Struggling with CADE, McKinsey / Uptime Metric (RE-POST)

The following posting originally appeared on Michael Manos' Loose Bolts blog.

 

This is a Re-post of my original blog post on May 5th regarding tortured thoughts around the CADE Data Center Metric put forward by McKinsey. This has relevance to my next post and I am placing it here for your convenience.

I guess I should start out this post with the pre-emptive statement that as a key performance indicator I support the use of CADE or metrics that tie both facilities and IT into a single metric.  In fact we have used a similar metric internally at Microsoft.  But the fact is at the end of the day I believe that any such metrics must be useful and actionable.  Maybe its because I have to worry about Operations as well.  Maybe its because I don’t think you roll the total complexity of running a facility with one metric.  In short, I don’t think dictating yet another metric, especially one that doesn’t lend itself to action, is helpful.

As some of you know I recently gave keynote speeches at both DataCenter World and the 2008 Uptime Symposium.  Part of those speeches included a simple query of the audience of how many people are measuring energy efficiency in their facilities.  Now please keep in mind that the combined audience of both engagements numbered between 2000-2400 datacenter professionals.  Arguably these are the 2400 that really view data centers as a serious business within their organizations.  These are folks whose full time jobs are running and supporting data center environments for some of the most important companies around the world.   At each conference less than 10% of them raised their hands.   The fact that many in the industry including Ken Brill at the Uptime Institute, Green Grid, and others have been preaching about measurement for at least the last three years and less than 10% of the industry has accepted this best practice is troublesome.  

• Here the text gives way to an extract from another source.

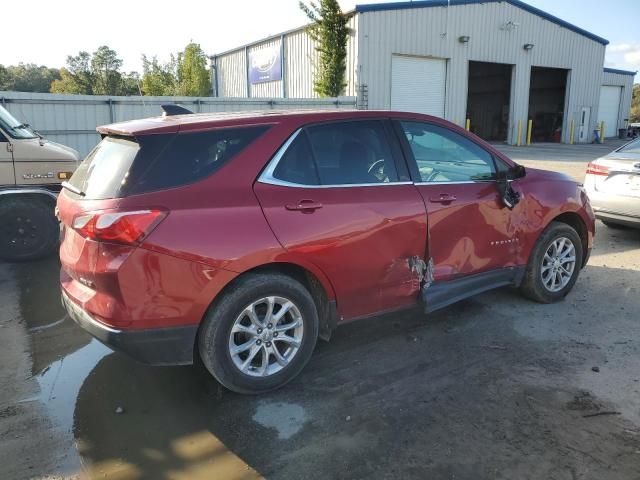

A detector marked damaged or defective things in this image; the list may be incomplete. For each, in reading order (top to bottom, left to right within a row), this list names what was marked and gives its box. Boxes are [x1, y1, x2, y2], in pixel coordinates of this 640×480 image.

damaged red suv [58, 109, 596, 394]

Whether you believe in measuring PUE or DCIE, you need to be measuring *something* in order to even get one variable of the CADE metric.  Given this lack of instrumentation and\or process within those firms most motivated to do so speaks in large part of the lack of success this metric is going to have over time.  It therefore follows, if they are not measuring efficiency, they likely don’t understand their total facility utilization (electrically speaking).  The IT side may have an easier way of getting variables for system utilization, but how many firms have host level performance agents in place? 

I want to point out that I am speaking to the industry in general.  Companies like ours who are investing hundreds of millions of dollars get the challenges and requirements in this space.  Its not a nice to have, its a requirement.  But when you extend this to the rest of the industry, there is a massive gap in this space.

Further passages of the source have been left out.